What this task involves
Please output only the lines running from the one that contains "2 Pcs Blind" through the last line of the data below, exactly as they stand, with no pictures.
:: Data extract ::
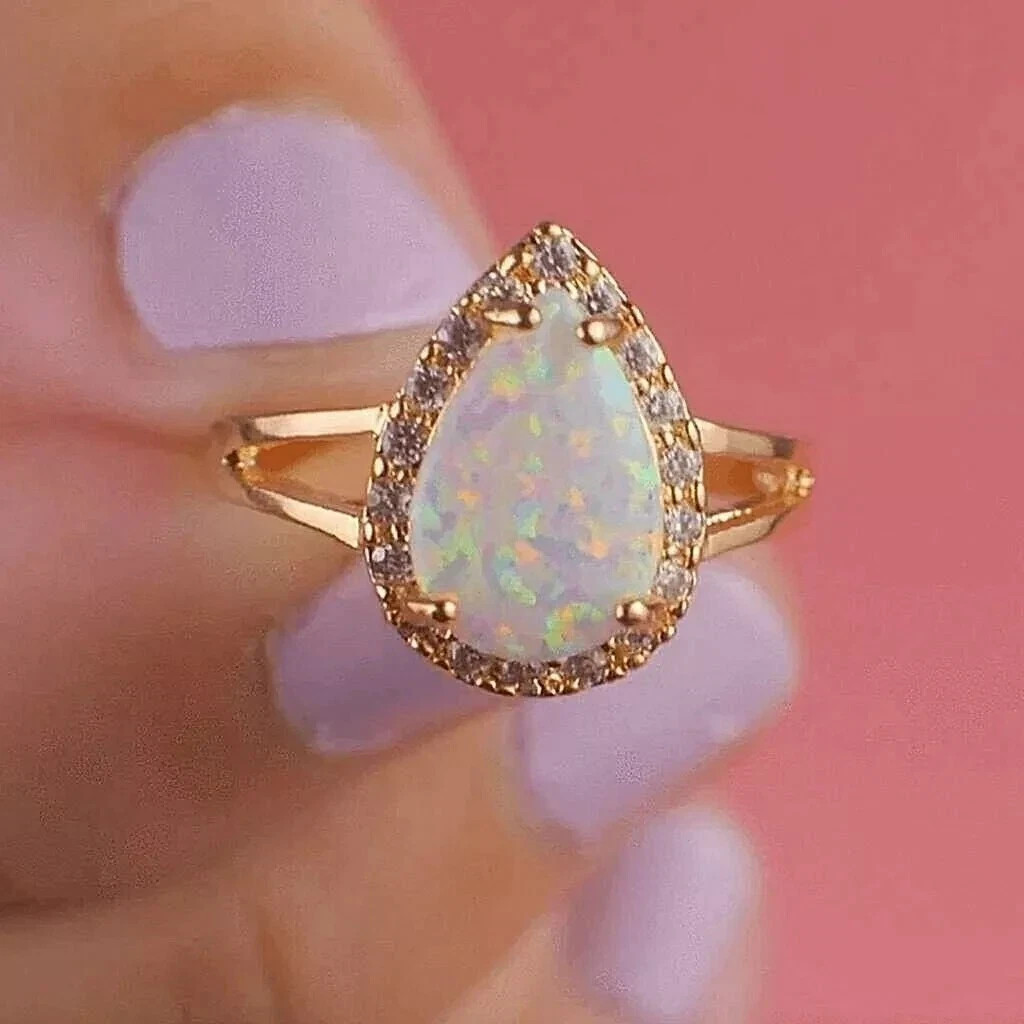 2 Ct Pear Cut Lab Created Fire Opal Gorgeous Wedding Ring 14K Yellow Gold Plated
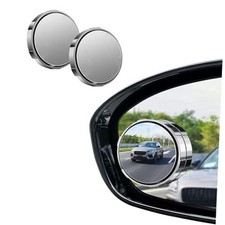 2 Pcs Blind Spot Mirrors, 2" Round HD Glass Convex 360  Wide Angle Side Silver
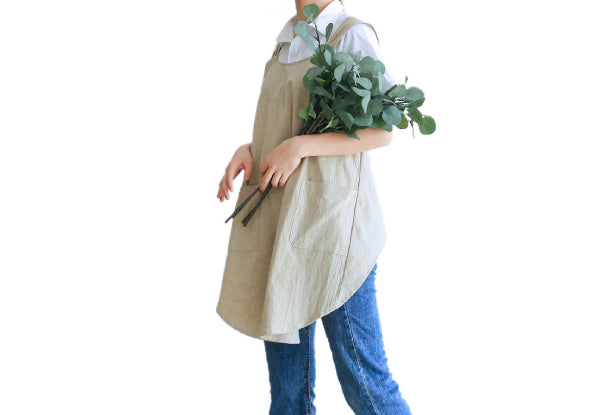 Cross Back Apron with Pockets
:::
Response to this exercise
 2 Pcs Blind Spot Mirrors, 2" Round HD Glass Convex 360  Wide Angle Side Silver
 Cross Back Apron with Pockets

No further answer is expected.